Un roman court mais dense, qui laisse peu d’espace au lecteur pour respirer! Dès les premiers mots je suis happée par le monologue intérieur de Jules, le permissionnaire, celui qui échappe enfin à l’horreur par la magie du papier bleu qu’on lui a remis. Quelques pages plus loin je retrouve ses frères d’armes, assurant la relève d’une compagnie.

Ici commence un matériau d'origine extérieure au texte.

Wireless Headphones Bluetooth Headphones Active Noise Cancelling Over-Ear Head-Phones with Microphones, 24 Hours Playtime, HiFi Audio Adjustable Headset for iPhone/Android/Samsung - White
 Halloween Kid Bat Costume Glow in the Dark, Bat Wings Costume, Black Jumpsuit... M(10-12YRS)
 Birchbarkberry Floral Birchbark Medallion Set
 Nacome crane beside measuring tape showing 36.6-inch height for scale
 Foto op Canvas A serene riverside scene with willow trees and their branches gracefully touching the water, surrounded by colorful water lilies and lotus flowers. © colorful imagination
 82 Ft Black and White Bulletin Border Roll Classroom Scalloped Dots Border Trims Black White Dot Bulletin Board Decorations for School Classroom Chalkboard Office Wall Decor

Chaque voix chuchote sa partition dans ce ballet de l’horreur : Marius, Boris, Ripoll, Barboni, ils sont une dizaine en tout à murmurer leurs doutes, leurs peurs, leurs souffrances à quelques minutes de l’assaut.
D’une écriture sèche, l’auteur nous donne à voir l’univers des tranchées, cet enfer creusé à vif dans la terre. Les phrases courtes, les répétitions parviennent à reproduire l’enfermement mental des hommes étouffés par la peur. On passe d’une scène à l’autre, d’une voix à l’autre sur un rythme rapide, comme ces films tournés caméra à l’épaule. La terreur et la folie se mêlent à la sueur, au sang, aux larmes de ces hommes poussés au bout de leur humanité.
La brièveté de ce roman lui donne une intensité qui marque l’esprit. Nul besoin de plusieurs centaines de pages à Laurent Gaudé pour restituer l’horreur de ce conflit meurtrier. On comprend mieux le silence des rescapés, incapables de donner voix à leur mémoire.
Après cette lecture, les cris de ces poilus résonneront longtemps dans ma mémoire.